Yes it is a little messy, and we can not check _F_VERSION_1 because of 
transitional devices, so maybe this is the best we can do for now
>
> -Siwei
>
>
>>
>> Thanks
>>>
>>> -Siwei
>>>
>>>>>
>>>>>> +     */
>>>>>> +    val_u16 = __virtio16_to_cpu(true, config.status);
>>>>>>         val_u16 = __virtio16_to_cpu(true, config.status);
>>>>>>       if (nla_put_u16(msg, VDPA_ATTR_DEV_NET_STATUS, val_u16))
>>>>>>           return -EMSGSIZE;
>>>>>>   -    val_u16 = __virtio16_to_cpu(true, config.mtu);
>>>>>> -    if (nla_put_u16(msg, VDPA_ATTR_DEV_NET_CFG_MTU, val_u16))
>>>>>> -        return -EMSGSIZE;
>>>>>> -
>>>>>>       features_driver = vdev->config->get_driver_features(vdev);
>>>>>>       if (nla_put_u64_64bit(msg, 
>>>>>> VDPA_ATTR_DEV_NEGOTIATED_FEATURES, features_driver,
>>>>>>                     VDPA_ATTR_PAD))
>>>>>> @@ -846,7 +869,13 @@ static int vdpa_dev_net_config_fill(struct 
>>>>>> vdpa_device *vdev, struct sk_buff *ms
>>>>>>                     VDPA_ATTR_PAD))

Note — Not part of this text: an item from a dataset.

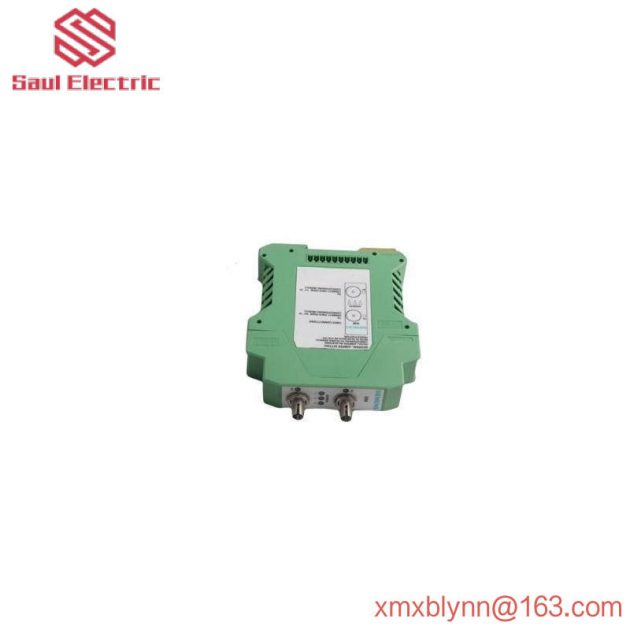 Siemens QLCDM024DCBAN Quadlog Critical Discrete Module for Industrial Automation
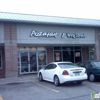 Pizza Hut gallery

>>>>>>           return -EMSGSIZE;
>>>>>>   -    return vdpa_dev_net_mq_config_fill(vdev, msg, 
>>>>>> features_driver, &config);
>>>>>> +    if (vdpa_dev_net_mac_config_fill(msg, features_device, 
>>>>>> &config))
>>>>>> +        return -EMSGSIZE;
>>>>>> +
>>>>>> +    if (vdpa_dev_net_mtu_config_fill(msg, features_device, 
>>>>>> &config))
>>>>>> +        return -EMSGSIZE;
>>>>>> +
>>>>>> +    return vdpa_dev_net_mq_config_fill(msg, features_device, 
>>>>>> &config);
>>>>>>   }
>>>>>>     static int
>>>>>> @@ -914,6 +943,11 @@ static int vdpa_fill_stats_rec(struct 
>>>>>> vdpa_device *vdev, struct sk_buff *msg,
>>>>>>       }
>>>>>>       vdpa_get_config_unlocked(vdev, 0, &config, sizeof(config));
>>>>>>   +    /*
>>>>>> +     * Assume little endian for now, userspace can tweak this for
>>>>>> +     * legacy guest support.
>>>>>> +     */
>>>>>> +
>>>>> Ditto.
>>>> same as above
>>>>
>>>> Thanks
>>>>>
>>>>> Thanks,
>>>>> -Siwei
>>>>>> max_vqp = __virtio16_to_cpu(true, config.max_virtqueue_pairs);
>>>>>>       if (nla_put_u16(msg, VDPA_ATTR_DEV_NET_CFG_MAX_VQP, max_vqp))
>>>>>>           return -EMSGSIZE;
>>>>>
>>>>
>>>
>>
>